** Opening EXTRACTED RECORDS block **

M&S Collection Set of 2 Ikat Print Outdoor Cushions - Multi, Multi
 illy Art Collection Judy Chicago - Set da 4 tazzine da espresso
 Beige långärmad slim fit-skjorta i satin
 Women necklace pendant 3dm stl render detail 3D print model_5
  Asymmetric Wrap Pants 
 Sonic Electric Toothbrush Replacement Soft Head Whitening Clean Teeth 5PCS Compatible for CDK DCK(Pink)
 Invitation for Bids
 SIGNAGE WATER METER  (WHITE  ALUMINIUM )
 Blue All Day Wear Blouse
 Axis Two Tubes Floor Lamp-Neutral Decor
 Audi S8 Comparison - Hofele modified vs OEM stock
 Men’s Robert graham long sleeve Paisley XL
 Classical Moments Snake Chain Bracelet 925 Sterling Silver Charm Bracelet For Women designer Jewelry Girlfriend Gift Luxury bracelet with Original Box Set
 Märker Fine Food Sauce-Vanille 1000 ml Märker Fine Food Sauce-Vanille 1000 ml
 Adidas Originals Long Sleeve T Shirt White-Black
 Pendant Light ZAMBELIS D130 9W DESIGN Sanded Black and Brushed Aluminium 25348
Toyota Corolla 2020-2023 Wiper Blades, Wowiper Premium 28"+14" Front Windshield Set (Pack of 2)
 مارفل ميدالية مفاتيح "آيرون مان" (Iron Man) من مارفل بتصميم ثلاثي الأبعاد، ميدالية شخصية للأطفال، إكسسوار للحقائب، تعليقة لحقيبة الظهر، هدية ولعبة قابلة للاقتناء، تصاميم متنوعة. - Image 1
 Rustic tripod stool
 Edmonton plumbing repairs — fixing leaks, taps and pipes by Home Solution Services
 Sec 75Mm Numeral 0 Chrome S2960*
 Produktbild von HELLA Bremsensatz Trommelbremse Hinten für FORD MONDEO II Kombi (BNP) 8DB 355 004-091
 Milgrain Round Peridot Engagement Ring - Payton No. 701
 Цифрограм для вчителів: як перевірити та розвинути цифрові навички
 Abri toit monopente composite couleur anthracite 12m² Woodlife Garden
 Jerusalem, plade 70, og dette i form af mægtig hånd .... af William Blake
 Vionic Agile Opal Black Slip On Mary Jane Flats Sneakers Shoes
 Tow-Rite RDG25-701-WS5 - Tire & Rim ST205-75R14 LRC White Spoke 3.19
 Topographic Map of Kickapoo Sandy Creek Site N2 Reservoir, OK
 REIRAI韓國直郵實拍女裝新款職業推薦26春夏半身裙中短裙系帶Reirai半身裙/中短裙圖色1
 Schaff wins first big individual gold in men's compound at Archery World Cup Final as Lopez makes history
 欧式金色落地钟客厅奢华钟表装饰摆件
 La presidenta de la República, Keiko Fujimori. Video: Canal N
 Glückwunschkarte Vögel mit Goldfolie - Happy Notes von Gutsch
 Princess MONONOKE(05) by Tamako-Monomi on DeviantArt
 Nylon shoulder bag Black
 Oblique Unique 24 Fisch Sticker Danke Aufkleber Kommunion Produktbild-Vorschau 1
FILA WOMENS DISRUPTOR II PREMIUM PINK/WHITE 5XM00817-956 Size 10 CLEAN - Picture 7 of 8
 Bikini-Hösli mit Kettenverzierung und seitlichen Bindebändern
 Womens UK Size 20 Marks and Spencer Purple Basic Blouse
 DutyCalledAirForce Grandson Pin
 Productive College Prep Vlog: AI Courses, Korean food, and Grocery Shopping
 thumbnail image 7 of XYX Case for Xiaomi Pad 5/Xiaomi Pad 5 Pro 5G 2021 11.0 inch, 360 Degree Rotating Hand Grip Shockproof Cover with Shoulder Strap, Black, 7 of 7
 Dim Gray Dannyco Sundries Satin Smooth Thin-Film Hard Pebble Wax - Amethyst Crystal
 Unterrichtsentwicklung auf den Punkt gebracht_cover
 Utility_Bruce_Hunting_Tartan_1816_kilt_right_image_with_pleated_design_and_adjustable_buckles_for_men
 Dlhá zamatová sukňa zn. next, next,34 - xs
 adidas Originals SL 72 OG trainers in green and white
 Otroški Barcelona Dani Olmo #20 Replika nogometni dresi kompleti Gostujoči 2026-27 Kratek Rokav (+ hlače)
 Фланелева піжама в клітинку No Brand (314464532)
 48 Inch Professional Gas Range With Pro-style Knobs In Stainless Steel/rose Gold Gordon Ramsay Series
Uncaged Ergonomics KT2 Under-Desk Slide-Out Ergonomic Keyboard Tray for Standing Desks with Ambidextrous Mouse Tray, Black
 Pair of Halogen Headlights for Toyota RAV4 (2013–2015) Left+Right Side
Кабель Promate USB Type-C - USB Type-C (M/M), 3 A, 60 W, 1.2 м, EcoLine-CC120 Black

** Closing EXTRACTED RECORDS block **

● DIRECTIONS FOR THIS TASK
Every line above in which the word "Black" occurs needs to be copied.

● TASK RESULT
 Adidas Originals Long Sleeve T Shirt White-Black
 Pendant Light ZAMBELIS D130 9W DESIGN Sanded Black and Brushed Aluminium 25348
 Vionic Agile Opal Black Slip On Mary Jane Flats Sneakers Shoes
 Nylon shoulder bag Black
 thumbnail image 7 of XYX Case for Xiaomi Pad 5/Xiaomi Pad 5 Pro 5G 2021 11.0 inch, 360 Degree Rotating Hand Grip Shockproof Cover with Shoulder Strap, Black, 7 of 7
Uncaged Ergonomics KT2 Under-Desk Slide-Out Ergonomic Keyboard Tray for Standing Desks with Ambidextrous Mouse Tray, Black
Кабель Promate USB Type-C - USB Type-C (M/M), 3 A, 60 W, 1.2 м, EcoLine-CC120 Black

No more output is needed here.